The music for the plays falls into three categories. The first: songs that were especially composed for a play, like Where the bee sucks for The Tempest. Then there are the songs where the words are new or slightly altered like Jog On from The Winter’s Tale but which the playwright expected to go with a traditional melody. Then there are those songs well known to all and quoted verbatim in the plays like those associated with Ophelia in Hamlet. Her songs, for example Tomorrow Shall Be St.Valentine’s Day might well surprise an audience by their sexual innuendo when she appears during the play to be so chaste.

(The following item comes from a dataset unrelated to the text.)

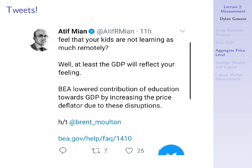The other example comes from Atif Mian, an economist at the University of Chicago. He says: feel that your kids are not learning as much remotely? Well, at least the GDP will reflect your feeling. The Bureau of Economic Analysis lowered the contribution of education towards GDP by increasing the price deflator due to disruptions from remote learning. The point is that because students are learning from home and the claim is that this learning has lower quality than going to a classroom, we should reflect that in GDP by increasing the price deflator — meaning we're now getting less per dollar spent when we buy education.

A good textbook on the subject is the recently published ‘Shakespeare and Music’ by David Lindley in the Arden Shakespeare series (Thomson Learning, 2006). He often mentions the multifarious battle pieces and trumpet calls of which we know almost nothing. Shakespeare certainly required them and they are not, of course, recorded here. In addition to the songs we also have examples of many kinds of dance-forms mentioned and required throughout the plays. Lindley reminds us of several examples of ‘sad and solemn music’ as found in Henry VIII for the sleeping Queen Katherine. The CD has ten such tracks

The musicians who worked for Shakespeare’s Company ‘The Lord Chamberlain’s Men’ are a somewhat mysterious bunch. Some must have been fine actors as well as instrumentalists and singers. We shouldn’t be surprised however that Thomas Morley is featured. He was a London-based musician with access to Court. Although not a strikingly original composer he was a thoroughly professional musician who could no doubt have turned his hand to anything. He features early on in the CD as the music runs, as best as one can ascertain, in chronological order. There’s a section entitled ‘A year with Morley’; the year in question is 1599 which was incidentally a significant year anyway as David Shapiro in his best-seller 1599, A Year in the life of William Shakespeare (Faber, London 2000) has shown. It was in that year that Shakespeare and his men took out the lease on the now legendary Globe Theatre. Also in that year Shakespeare wrote Henry V - the dance La Volta is mentioned in the text - and As You Like It, possibly collaborating with Morley on the music.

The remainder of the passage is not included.